WHAT TO DO:
The expected output is every line of the data exactly as shown, minus the images.

DATASET:
------------------------------

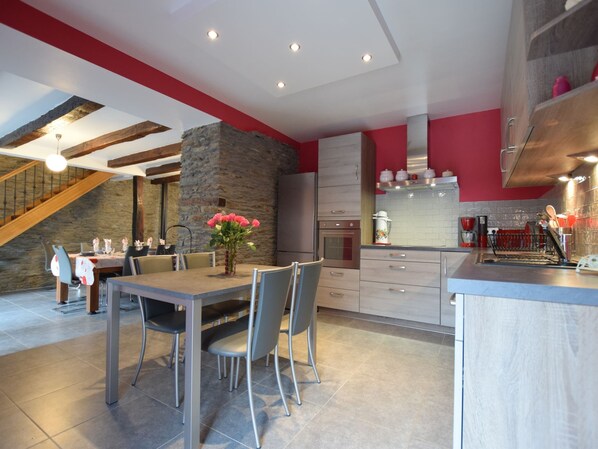 Maison | Cuisine privée | Surface de cuisson, chaise haute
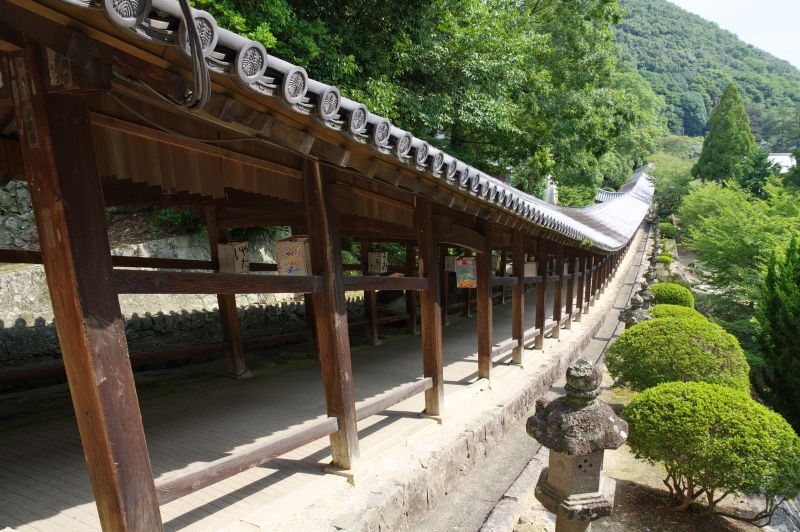 吉備津神社・回廊を門の脇から眺める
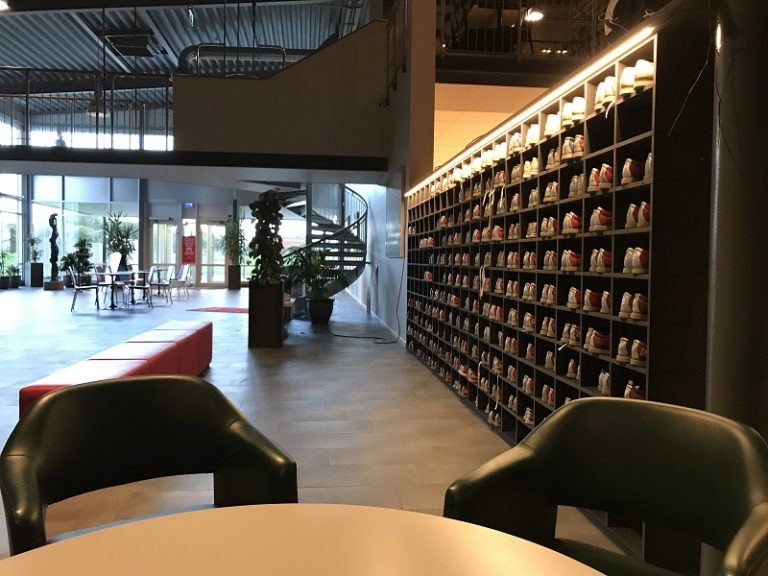 Specialinredning Skohylla Bowling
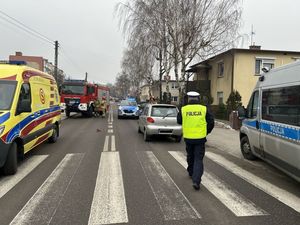 policjant w kamizelce odblaskowej stojący na jedni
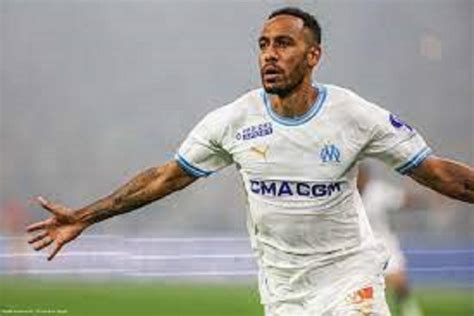 On avait plus vu ça depuis Didier Drogba les fans de l OM sous le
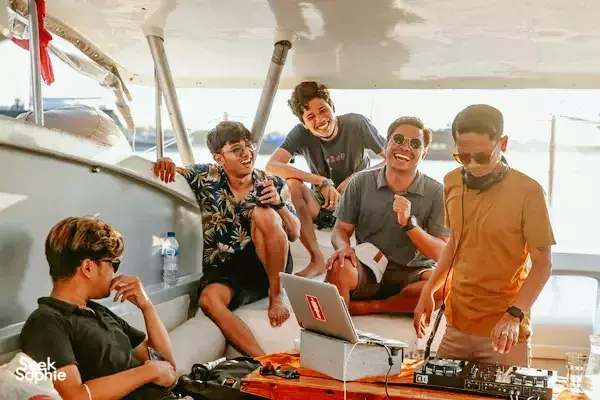 Sewa Kapal Layar Persendirian Nusa Dua | BBQ & Snorkeling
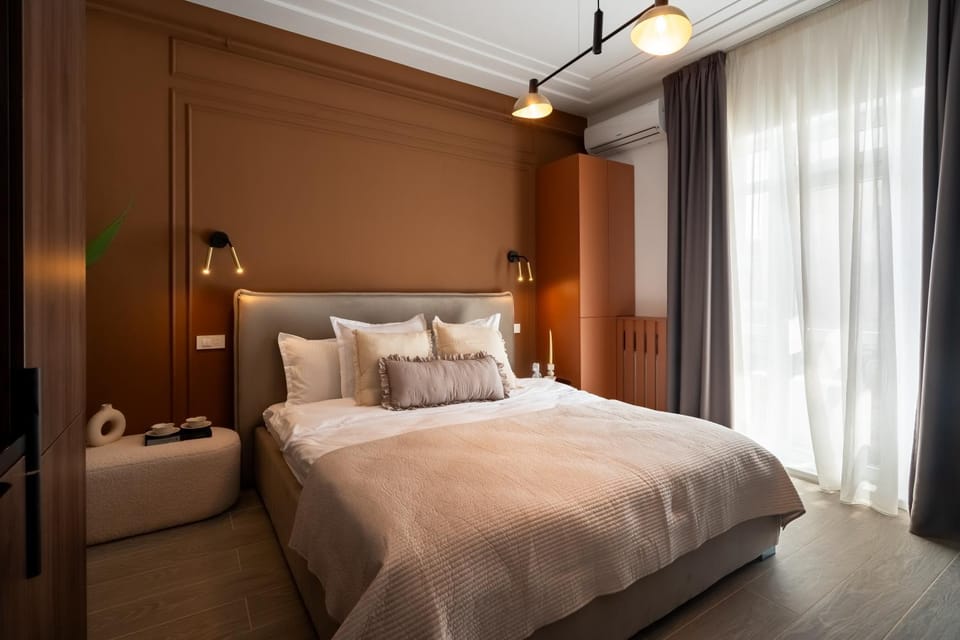 Bed, Photo of the whole room, Decorative detail, Seating area, Bedroom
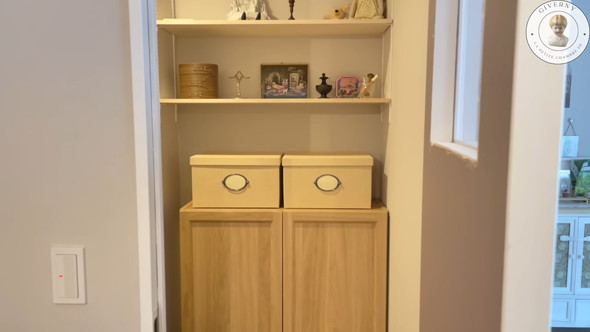 納戸をパリの小部屋風にDIYでアレンジする様子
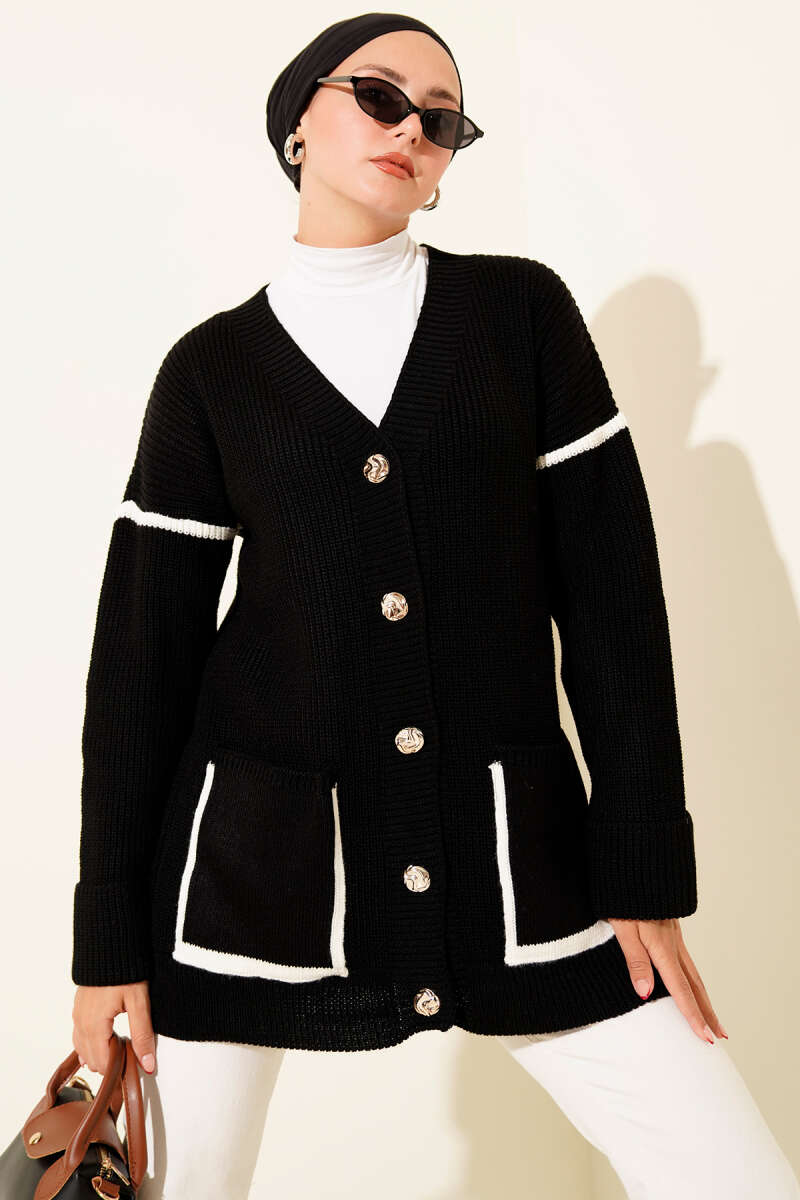 Pocketed Gold Button Knit Cardigan Black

------------------------------

RESPONSE TO THIS TASK:
 Maison | Cuisine privée | Surface de cuisson, chaise haute
 吉備津神社・回廊を門の脇から眺める
 Specialinredning Skohylla Bowling
 policjant w kamizelce odblaskowej stojący na jedni
 On avait plus vu ça depuis Didier Drogba les fans de l OM sous le
 Sewa Kapal Layar Persendirian Nusa Dua | BBQ & Snorkeling
 Bed, Photo of the whole room, Decorative detail, Seating area, Bedroom
 納戸をパリの小部屋風にDIYでアレンジする様子
 Pocketed Gold Button Knit Cardigan Black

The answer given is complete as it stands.